J.R.R. Tolkien and the Necessity of Hope

The myth of “Pandora’s Box” has varied over time. Today it usually means inviting trouble by opening up something best left alone. In one version, what escapes Pandora’s Box (or “jar”) are different expressions of evil to afflict the world. In another version, it is the gods’ gifts to men that are lost. In all of those accounts, however, one item remains in Pandora’s Box: Hope (ἐλπὶς, elpis).

Whether in an ethical, a theological or a political context, the meaning of hope is often ambiguous. Fortunately, J.R.R. Tolkien’s Lord of the Rings provides a useful commentary on hope in his mythic saga, as the author illustrates the concept through his characters. Indeed, references to hope are surprisingly prominent in Tolkien’s magnum opus, occurring almost five-hundred times throughout the story.

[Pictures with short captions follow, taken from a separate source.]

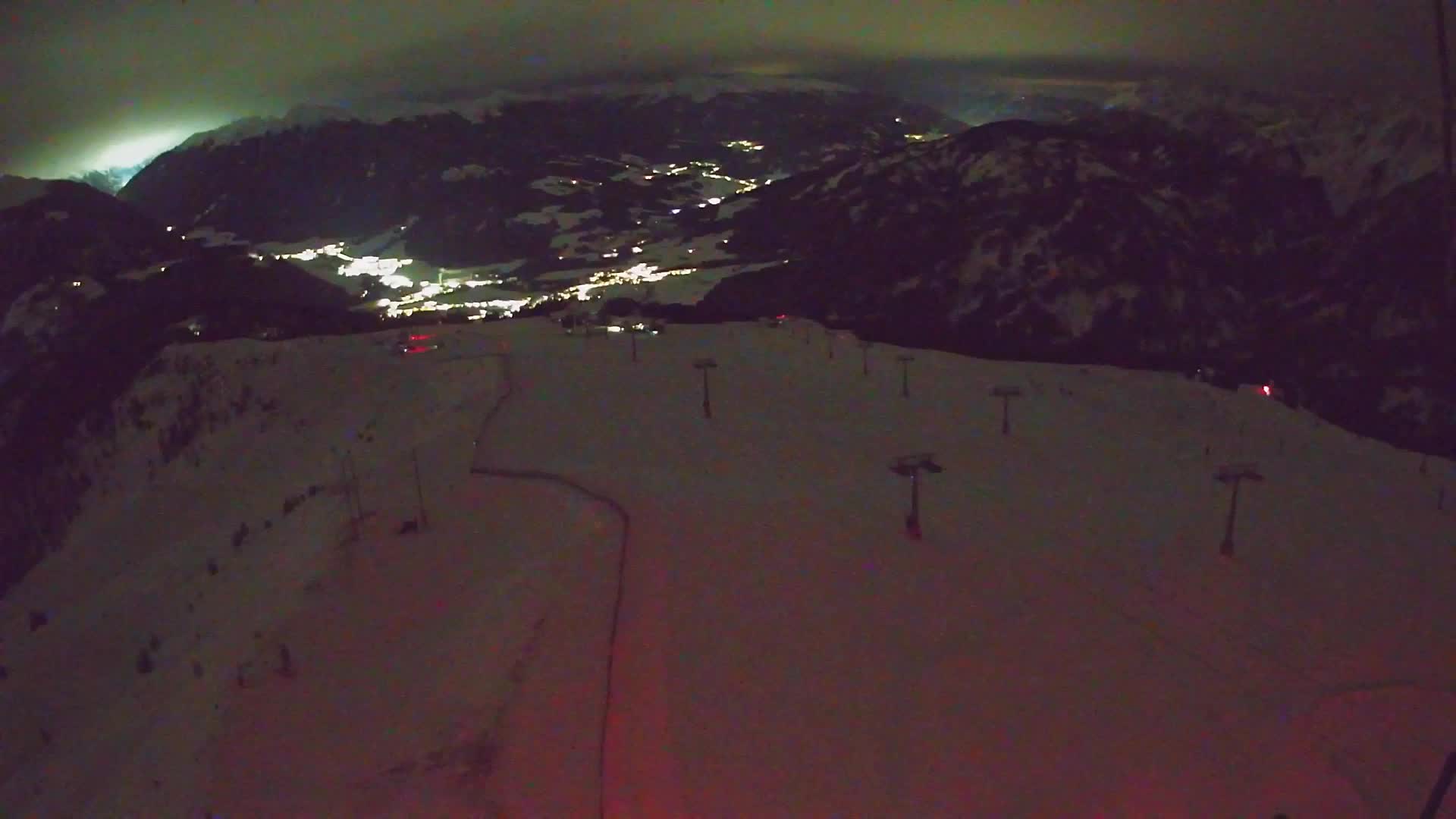 Kronplatz peak | view to Valdaora – Olang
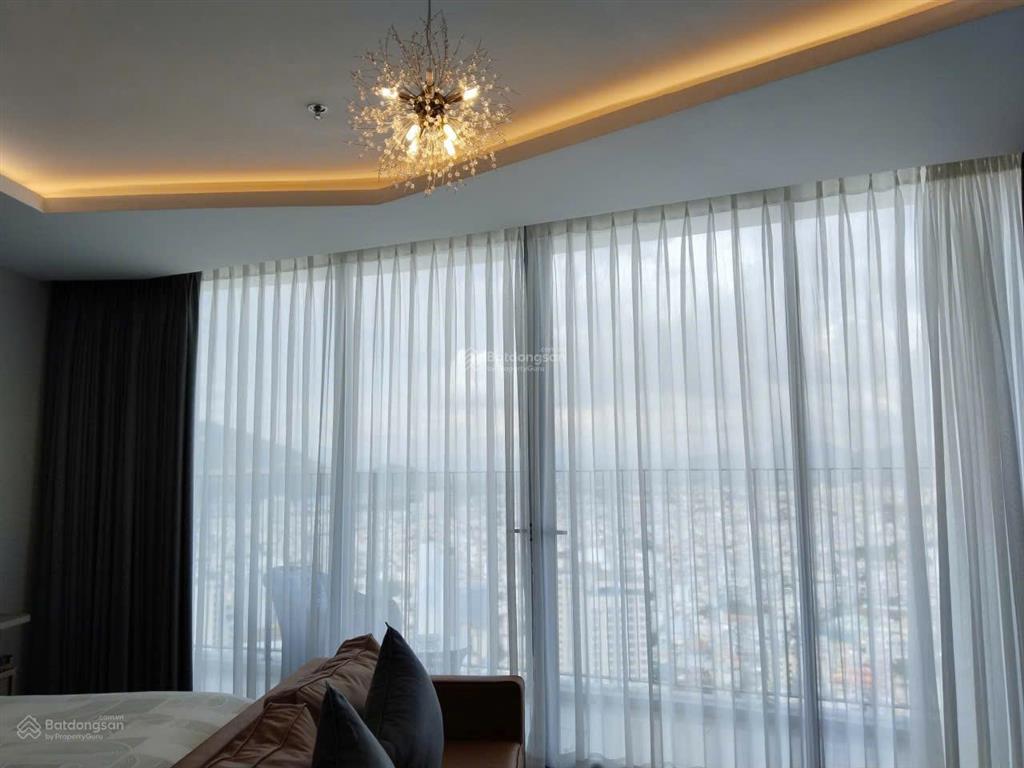 Bán nhanh căn hộ panorama nha trang, thiết kế dẻ quạt, giá chỉ 2.3 tỷ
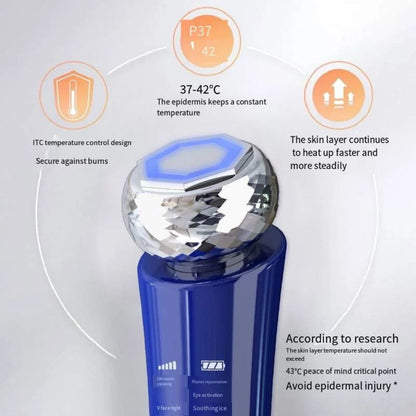 GlowTherm™ Skin Lift Massager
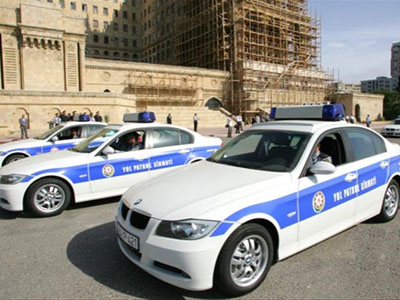 Ադրբեջանի ոստիկանությունն առաջիկա ընտրությունների ֆոնին անցել է խստացված ռեժիմի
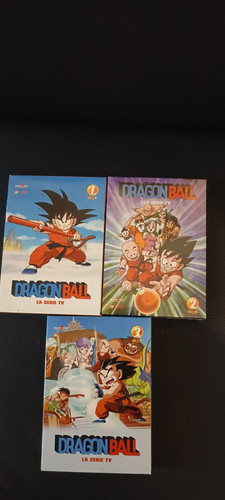 Dragon ball dvd - ball, tv
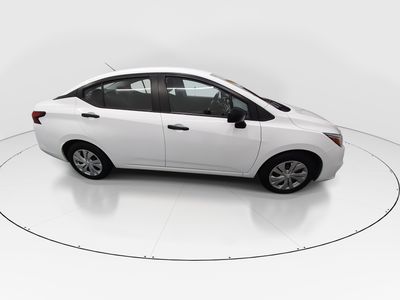 2020 Nissan Versa - Photo 8
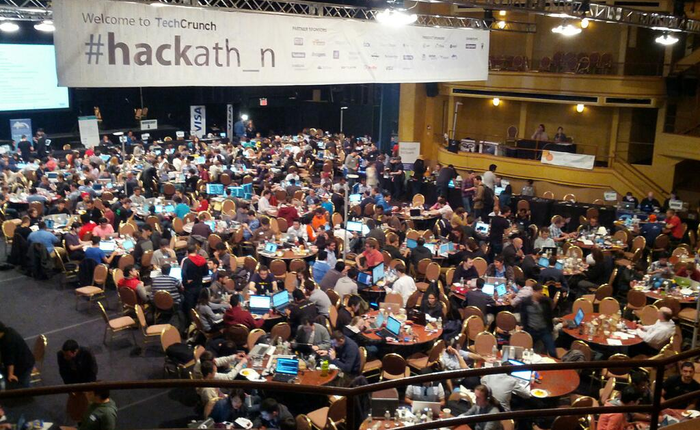 Sự kiện Hackathon Việt Nam 2014 sắp diễn ra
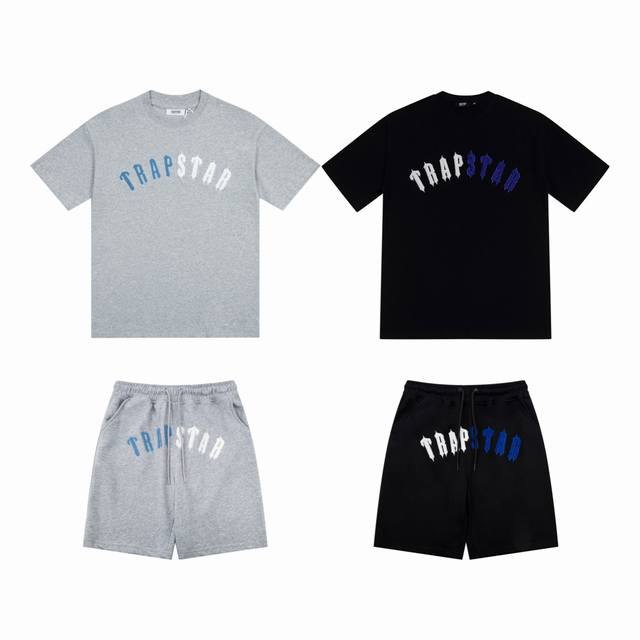 6905# Trapstar original 1:1 mold, detailed craftsmanship, heavy towel embroidery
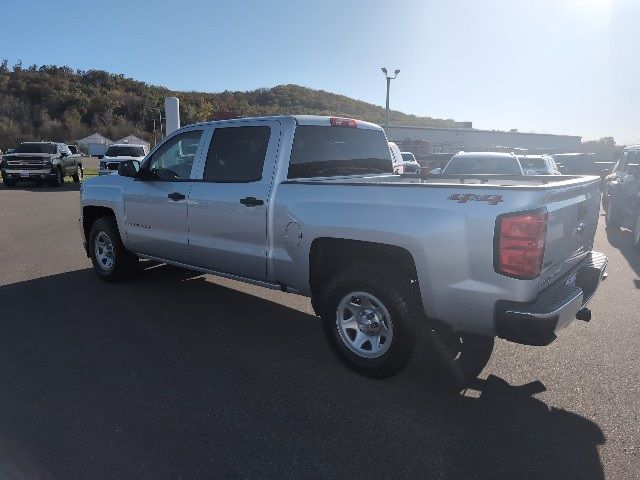 2018 Chevrolet Silverado 1500 Work Truck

Two types of hope appear in LOTR: false hope and genuine hope. The danger of the former is recognized a number of times in the story. For example, pausing with Aragorn during the Battle of the Pelennor Fields, Éomer observes that “hope oft deceives.” After learning that Frodo and Sam have traveled alone by way of the treacherous pass of Cirith Ungol, a troubled Gandalf admits to Pippin, “There never was much hope . . . Just a fool’s hope, as I have been told.” The hope that beguiles and leads to despair is best represented by Denethor, the Steward of Gondor. After Faramir is carried back critically wounded from the attack on Osgiliath, Denethor bitterly complains, “The fool’s hope has failed. The Enemy has found it, and now his power waxes; he sees our very thoughts and all we do is ruinous.”